Een karretje dat op een zandweg reed.

Heemkronijk jaar:1973, jaargang:12, nummer:1, blz.12

EEN KARRETJE OP EEN ZANDWEG REED

door: A.F.N.van Asten

Volgens het enigst bekende schepenprotokol over Sterksel in het rijksarchief (n.l. RA Sterksel R1) verscheen er op 2.4.1752 te Sterksel voor de schepenen Hendrick van Werden, Hendrick Hurcmans en Antony van den Boomen de heer Arnoldus Lambermon, mr. chirurgijn uit Heeze om er een verklaring af te leggen. Hij had immers ter instantie van heer Jan Willem Daniel de Jongh, drossaard in Sterksel, het dode lichaam van Jan Lamberts Claus uit Asten gevisiteerd.

 

Wat er nu precies gebeurd was, kwam ons de vorster Antonij Hulst vertellen.

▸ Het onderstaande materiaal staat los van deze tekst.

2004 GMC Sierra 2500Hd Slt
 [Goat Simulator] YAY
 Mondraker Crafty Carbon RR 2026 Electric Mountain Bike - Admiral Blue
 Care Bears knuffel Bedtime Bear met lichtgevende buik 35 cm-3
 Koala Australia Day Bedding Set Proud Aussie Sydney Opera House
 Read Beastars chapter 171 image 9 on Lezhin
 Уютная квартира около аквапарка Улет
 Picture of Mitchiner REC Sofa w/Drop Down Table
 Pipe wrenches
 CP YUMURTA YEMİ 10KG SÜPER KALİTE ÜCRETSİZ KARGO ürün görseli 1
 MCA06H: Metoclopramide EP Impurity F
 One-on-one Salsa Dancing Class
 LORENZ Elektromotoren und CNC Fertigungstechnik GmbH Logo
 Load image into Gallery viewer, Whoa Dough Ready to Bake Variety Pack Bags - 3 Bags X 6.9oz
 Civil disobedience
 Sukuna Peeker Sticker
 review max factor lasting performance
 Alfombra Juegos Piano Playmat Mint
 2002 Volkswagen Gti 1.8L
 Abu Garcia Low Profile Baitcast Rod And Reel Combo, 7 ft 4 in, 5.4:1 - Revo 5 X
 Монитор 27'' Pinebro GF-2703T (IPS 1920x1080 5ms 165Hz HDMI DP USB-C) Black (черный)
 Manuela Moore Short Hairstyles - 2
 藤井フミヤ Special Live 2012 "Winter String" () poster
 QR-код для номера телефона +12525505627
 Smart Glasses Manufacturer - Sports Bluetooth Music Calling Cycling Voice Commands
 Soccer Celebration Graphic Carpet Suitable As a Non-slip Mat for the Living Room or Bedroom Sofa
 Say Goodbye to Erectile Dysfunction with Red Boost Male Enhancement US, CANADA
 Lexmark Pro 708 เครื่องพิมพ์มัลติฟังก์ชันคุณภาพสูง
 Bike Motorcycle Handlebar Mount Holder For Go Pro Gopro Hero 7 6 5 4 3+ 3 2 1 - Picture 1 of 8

Hij verklaarde dat hij op de dijk naar Sterksel, omtrent "twee schootweegs vandaan“, een kar had zien staan met het ene rad onder water in de sloot terwijl voerman en paard verdwenen waren. Over een ongeval of overval werd niet gesproken, wel dat er twee Astenaren, n.l. Willem Walravens en Adriaan Hoefnagels te Sterksel waren verschenen om eens te informeren naar hun zwager Jan Claus. Ze hadden het erg vreemd gevonden dat het  paard van Jan "was tuys gecome tot Asten zonder man en met agterlating van de kar".
Zeer waarschijnlijk zal Claus wel een turfboer geweest zijn, die vrij regelmatig met paard en kar in Sterksel kwam om er turf te venten.